Gli internati davano indicazioni ai familiari su come procedere per inviare le risposte: «Carissima mamma (…) come vedi qui accanto c’è il foglio per comunicarmi vostre notizie» 22/12/1943 Stalag VI K. «Mamma tu mi rispondi sull’altra cartolina che si trova in bianco l’indirizzo l’ho già scritto io fammi sapere presto tue notizie» 03/04/1944 Stalag XIII B. «Carissimi (…) quando mi scrivete fate il numero che vedete sul mitente (…). Giuseppe» 30/03/1944 Stalag XVII B. «Carissima moglie (…) sulla risposta non mettete l’indirizzi di prima agiungere solo il mitente. Tuo Antonio» 25/12/1943 Stalag III B.
Gli internati stessi si premuravano spesso di compilare la parte destinata alla risposta della famiglia sia per favorire una risposta più celere sia, soprattutto, per facilitare il compito dei familiari, evitando eventuali errori. Negli anni della Seconda Guerra Mondiale, infatti, circa un ottavo della popolazione italiana, ovvero circa sei milioni di cittadini, non sapeva né leggere né scrivere. L’analfabetismo costituiva una piaga sociale che presentava caratteri particolarmente gravi soprattutto nei centri rurali del Mezzogiorno. Il governo italiano, nel periodo post-bellico farà fronte a questa emergenza emanando, il 17 settembre 1947, un decreto-legge per istituire le scuole popolari. Un altro forte contributo al progresso culturale della nazione arriverà dalla televisione di Stato che, negli anni Sessanta, affronterà il problema dell’alfabetizzazione attraverso il video.
«Cara mamma e papà (…) spero molto che avete già ricevuto le mie lettere e cartoline, quello che mi fa stare in pensiero è che non o ancora ricevuto un vostro scritto. Gino» 14/02/1944 Stalag V C.
Il periodo difficile in cui versava l’Italia durante la Seconda Guerra Mondiale comportava una corrispondenza soggetta a ritardi, smarrimenti o mancati recapiti.
«Genitori carissimi (…) da voi sono 15 mesi che non so niente e figuratevi come fosse desiderato un vostro rigo. Peppino» 5/09/1944 Stalag VIII B. «Cara moglie sono tante lettere che ti ho scritto e ancora sono privo di tue notizie cerca di vedere almeno tramite la croce rossa potermi scrivere perché sono molto in pena non so come state (…)» 15/05/1943 Stalag IV A. «Cara Mamma (…) sto in pena che non posso avere ancora notizie almeno per sapere come state, ma speriamo che riceverò presto qualche notizia così starò più tranquillo (…). Antonio»15/05/1944 Stalag IV A.
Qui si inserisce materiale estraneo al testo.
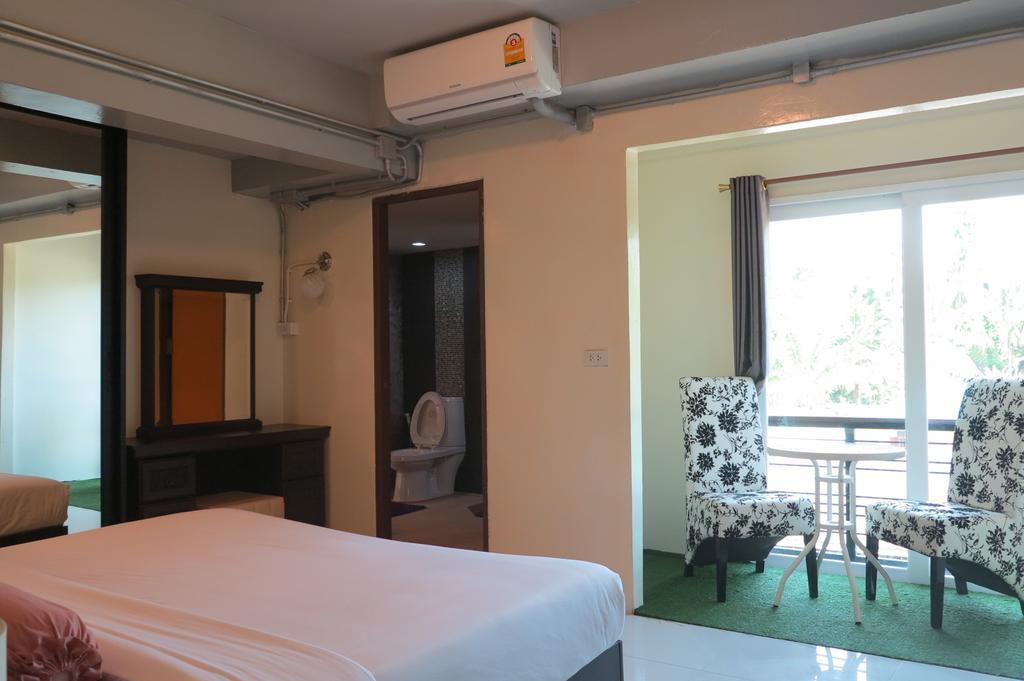 Smile Place Ko Lanta Zimmer foto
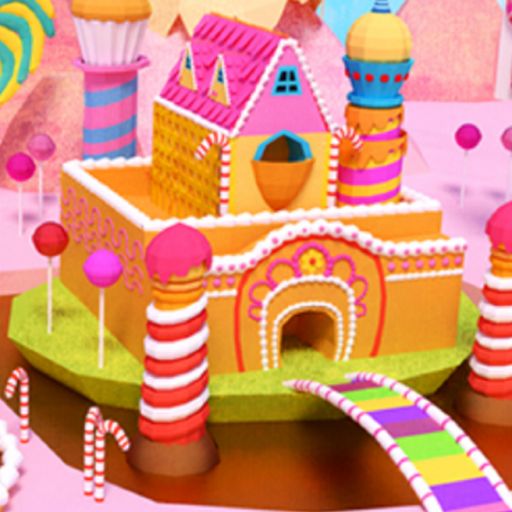 🍬 Candyland Parkour! (Huge UPDATE)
Non ricevere lettere fa sentire discriminati o sfortunati rispetto agli altri. Da qui l’insistenza perché i familiari scrivano, in modo che i prigionieri possano ricevere una parola di conforto.
«Carissimi (…) sin dalla prima volta che ho scritto non ho ricevuto mai un vostro rigo per almeno darmi un poco di consolazione eppure tutti quelli della nostra regione dalle diverse province anno ricevuto notizie allinfuori di me e un altro della stessa provincia non abbiamo ricevuto niente ancora, tutto questo non so perché spero però che questa volta vi giunga al più presto questo mio scritto così potete apprendere mie notizie (…). Vostro aff. Antonio» 03/09/1944. (Lettera ricevuta dalla famiglia il 15/06/1945). «Genitori carissimi (…) posta non ne ò ricevuto più, solo 2 cartoline cercate scrivere più spesso. Walter» 29/05/1944 Stalag III D. «Carissima Famiglia (…) vi invio sempre mie sempre con la speranza di ricevere vostre notizie lunica mia consolazione ma sfortunatamente non vedo mai nulla (…)» 02/07/1944 Stalag IV C.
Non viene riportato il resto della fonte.